Note that I'm considering that this alternative requires adding a
GRANTOR symbol to the SharedDependencyType, which probably rules this
out for backpatching.

Comments? I'm leaning towards implementing (2). The patch for
pg_dumpall would also be needed.

--
Alvaro Herrera http://www.CommandPrompt.com/
The PostgreSQL Company - Command Prompt, Inc.

#10Tom Lane
tgl@sss.pgh.pa.us
In reply to: Alvaro Herrera (#9)
hackersbugs
Re: Grantor name gets lost when grantor role dropped

Alvaro Herrera <alvherre@commandprompt.com> writes:

So I'm currently considering the following alternatives:

1. do nothing at all with pg_shdepend. Upon role deletion, seqscan
pg_auth_members and reject the drop altogether if there is a role
granted to another which mentions the to-be-dropped role ID as grantor.
This is easiest in terms of code (it's even mentioned in the comments in
DropRole).

2. record one pg_shdepend entry for each role that has granted something
to each role (unless the grantor is the same role being granted, in
which case we needn't record anything). So if role A grants Z and X to
C, and role B grants Y and W to C, C now has access to W, Y, X and Z and
there are two pg_shdepend entries:
C -> A
C -> B
So dropping a role would be disallowed automatically without any code
changes, with the checkSharedDependencies() call that's already in
DropRole. Adding a role membership would require a bit more work,
because we'd first need to check that there's not already a pg_shdepend
entry for that combination. Removing a role membership also becomes
more work; we need to check that no other grant depends on the same
grantor before removing the entry.

Both of these have got race conditions ... not but what the dependency
code has got race condition problems already, but maybe we should try
to avoid introducing more? I haven't got any better ideas though.

Why is it that we record grantor at all? One could argue that granting
membership in a role is done on behalf of that role and there's no real
need to remember exactly who did it.

regards, tom lane

#11Alvaro Herrera
alvherre@2ndquadrant.com
In reply to: Tom Lane (#10)
hackersbugs
Re: Grantor name gets lost when grantor role dropped

Tom Lane wrote:

Alvaro Herrera <alvherre@commandprompt.com> writes:

So I'm currently considering the following alternatives:

1. do nothing at all with pg_shdepend. Upon role deletion, seqscan
pg_auth_members and reject the drop altogether if there is a role
granted to another which mentions the to-be-dropped role ID as grantor.
This is easiest in terms of code (it's even mentioned in the comments in
DropRole).

2. record one pg_shdepend entry for each role that has granted something
to each role (unless the grantor is the same role being granted, in
which case we needn't record anything). So if role A grants Z and X to
C, and role B grants Y and W to C, C now has access to W, Y, X and Z and
there are two pg_shdepend entries:
C -> A
C -> B
So dropping a role would be disallowed automatically without any code
changes, with the checkSharedDependencies() call that's already in
DropRole.

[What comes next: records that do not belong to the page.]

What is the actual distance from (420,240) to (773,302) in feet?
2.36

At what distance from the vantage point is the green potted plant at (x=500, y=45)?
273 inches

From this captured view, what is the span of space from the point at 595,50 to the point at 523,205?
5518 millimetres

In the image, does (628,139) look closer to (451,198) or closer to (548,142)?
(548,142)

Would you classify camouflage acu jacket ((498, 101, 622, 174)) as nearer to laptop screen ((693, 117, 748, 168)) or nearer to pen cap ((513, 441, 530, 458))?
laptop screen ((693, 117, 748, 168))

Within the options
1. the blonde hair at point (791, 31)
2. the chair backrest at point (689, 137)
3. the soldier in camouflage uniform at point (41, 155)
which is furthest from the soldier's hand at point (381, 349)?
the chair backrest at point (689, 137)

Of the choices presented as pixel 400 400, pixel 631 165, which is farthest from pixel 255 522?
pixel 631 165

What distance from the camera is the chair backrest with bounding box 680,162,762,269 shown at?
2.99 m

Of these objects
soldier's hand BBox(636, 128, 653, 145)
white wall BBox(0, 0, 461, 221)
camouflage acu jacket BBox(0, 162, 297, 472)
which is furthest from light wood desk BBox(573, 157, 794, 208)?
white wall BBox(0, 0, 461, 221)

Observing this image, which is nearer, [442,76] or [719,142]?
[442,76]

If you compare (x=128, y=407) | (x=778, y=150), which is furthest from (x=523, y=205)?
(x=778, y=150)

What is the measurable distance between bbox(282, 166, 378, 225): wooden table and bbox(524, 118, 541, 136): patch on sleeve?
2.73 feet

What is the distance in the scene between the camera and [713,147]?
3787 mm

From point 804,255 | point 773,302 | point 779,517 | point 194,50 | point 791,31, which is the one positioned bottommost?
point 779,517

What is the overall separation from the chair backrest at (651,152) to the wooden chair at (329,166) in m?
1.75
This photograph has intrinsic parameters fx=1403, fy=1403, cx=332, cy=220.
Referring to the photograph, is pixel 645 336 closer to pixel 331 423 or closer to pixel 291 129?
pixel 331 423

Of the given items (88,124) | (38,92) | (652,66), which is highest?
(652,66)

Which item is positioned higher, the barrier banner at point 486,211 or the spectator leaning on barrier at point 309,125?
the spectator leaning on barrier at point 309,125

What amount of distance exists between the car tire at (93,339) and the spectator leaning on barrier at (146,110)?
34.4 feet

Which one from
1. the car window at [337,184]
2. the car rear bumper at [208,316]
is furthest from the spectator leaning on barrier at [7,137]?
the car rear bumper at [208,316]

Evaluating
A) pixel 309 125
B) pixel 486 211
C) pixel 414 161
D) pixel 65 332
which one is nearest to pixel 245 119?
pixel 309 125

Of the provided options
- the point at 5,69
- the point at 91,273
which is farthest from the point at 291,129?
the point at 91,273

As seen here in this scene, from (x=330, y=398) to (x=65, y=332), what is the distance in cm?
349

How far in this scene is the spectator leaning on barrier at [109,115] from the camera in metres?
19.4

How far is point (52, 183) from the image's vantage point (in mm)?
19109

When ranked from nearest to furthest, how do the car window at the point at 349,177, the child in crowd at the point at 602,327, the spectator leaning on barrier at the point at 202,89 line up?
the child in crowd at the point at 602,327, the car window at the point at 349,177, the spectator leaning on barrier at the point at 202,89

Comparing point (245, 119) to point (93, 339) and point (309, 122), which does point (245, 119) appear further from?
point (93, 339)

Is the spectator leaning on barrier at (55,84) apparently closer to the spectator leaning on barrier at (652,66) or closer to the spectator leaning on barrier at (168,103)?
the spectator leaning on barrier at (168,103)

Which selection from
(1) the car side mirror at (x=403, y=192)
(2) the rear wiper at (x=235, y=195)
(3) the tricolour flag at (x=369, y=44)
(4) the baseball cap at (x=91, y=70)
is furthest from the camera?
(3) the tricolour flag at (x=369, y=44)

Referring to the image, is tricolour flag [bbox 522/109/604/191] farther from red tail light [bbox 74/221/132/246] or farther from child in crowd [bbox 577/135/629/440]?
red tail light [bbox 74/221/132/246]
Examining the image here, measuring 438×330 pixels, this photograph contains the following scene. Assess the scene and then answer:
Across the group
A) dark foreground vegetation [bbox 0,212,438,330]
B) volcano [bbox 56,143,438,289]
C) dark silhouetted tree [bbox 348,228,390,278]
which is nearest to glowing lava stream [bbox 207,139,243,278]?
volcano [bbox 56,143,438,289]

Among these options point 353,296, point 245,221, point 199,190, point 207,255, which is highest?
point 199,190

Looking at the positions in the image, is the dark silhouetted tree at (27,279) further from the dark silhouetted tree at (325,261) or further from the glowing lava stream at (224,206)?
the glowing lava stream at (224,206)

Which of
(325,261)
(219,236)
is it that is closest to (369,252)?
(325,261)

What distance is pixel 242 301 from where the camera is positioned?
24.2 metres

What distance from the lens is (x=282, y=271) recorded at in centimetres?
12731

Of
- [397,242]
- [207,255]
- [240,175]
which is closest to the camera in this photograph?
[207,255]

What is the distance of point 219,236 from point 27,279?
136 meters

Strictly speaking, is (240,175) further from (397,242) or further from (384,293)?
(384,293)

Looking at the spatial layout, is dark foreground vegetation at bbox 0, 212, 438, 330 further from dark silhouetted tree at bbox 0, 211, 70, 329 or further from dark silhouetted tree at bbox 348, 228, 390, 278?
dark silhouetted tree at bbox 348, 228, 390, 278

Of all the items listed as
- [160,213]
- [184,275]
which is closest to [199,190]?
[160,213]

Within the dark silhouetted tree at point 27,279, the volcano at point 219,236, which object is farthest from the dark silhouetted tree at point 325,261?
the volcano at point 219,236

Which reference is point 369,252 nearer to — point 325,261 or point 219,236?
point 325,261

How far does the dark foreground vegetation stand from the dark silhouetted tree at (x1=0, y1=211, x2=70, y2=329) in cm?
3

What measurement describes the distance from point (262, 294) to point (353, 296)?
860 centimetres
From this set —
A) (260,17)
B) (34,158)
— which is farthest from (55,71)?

Adding a role membership would require a bit more work,
because we'd first need to check that there's not already a pg_shdepend
entry for that combination. Removing a role membership also becomes
more work; we need to check that no other grant depends on the same
grantor before removing the entry.

Both of these have got race conditions ... not but what the dependency
code has got race condition problems already, but maybe we should try
to avoid introducing more? I haven't got any better ideas though.

I couldn't parse this paragraph very well. However I'm not sure why you
say the dependency code has got race conditions? We do lock the object
before checking the dependencies, so it's not possible to add a new
dependency while we're dropping the object.

.. right? I'm going to have a look at it again.

Why is it that we record grantor at all? One could argue that granting
membership in a role is done on behalf of that role and there's no real
need to remember exactly who did it.

I think you should ask Stephen Frost about that -- added to CC.

If the grantor bit is not important, then what we should do is just omit
emitting the GRANTED BY part in pg_dumpall, which fixes this report.

--
Alvaro Herrera http://www.CommandPrompt.com/
The PostgreSQL Company - Command Prompt, Inc.

#12Tom Lane
tgl@sss.pgh.pa.us
In reply to: Alvaro Herrera (#11)
hackersbugs
Re: Grantor name gets lost when grantor role dropped

Alvaro Herrera <alvherre@commandprompt.com> writes:

Tom Lane wrote:

Both of these have got race conditions ... not but what the dependency
code has got race condition problems already, but maybe we should try
to avoid introducing more? I haven't got any better ideas though.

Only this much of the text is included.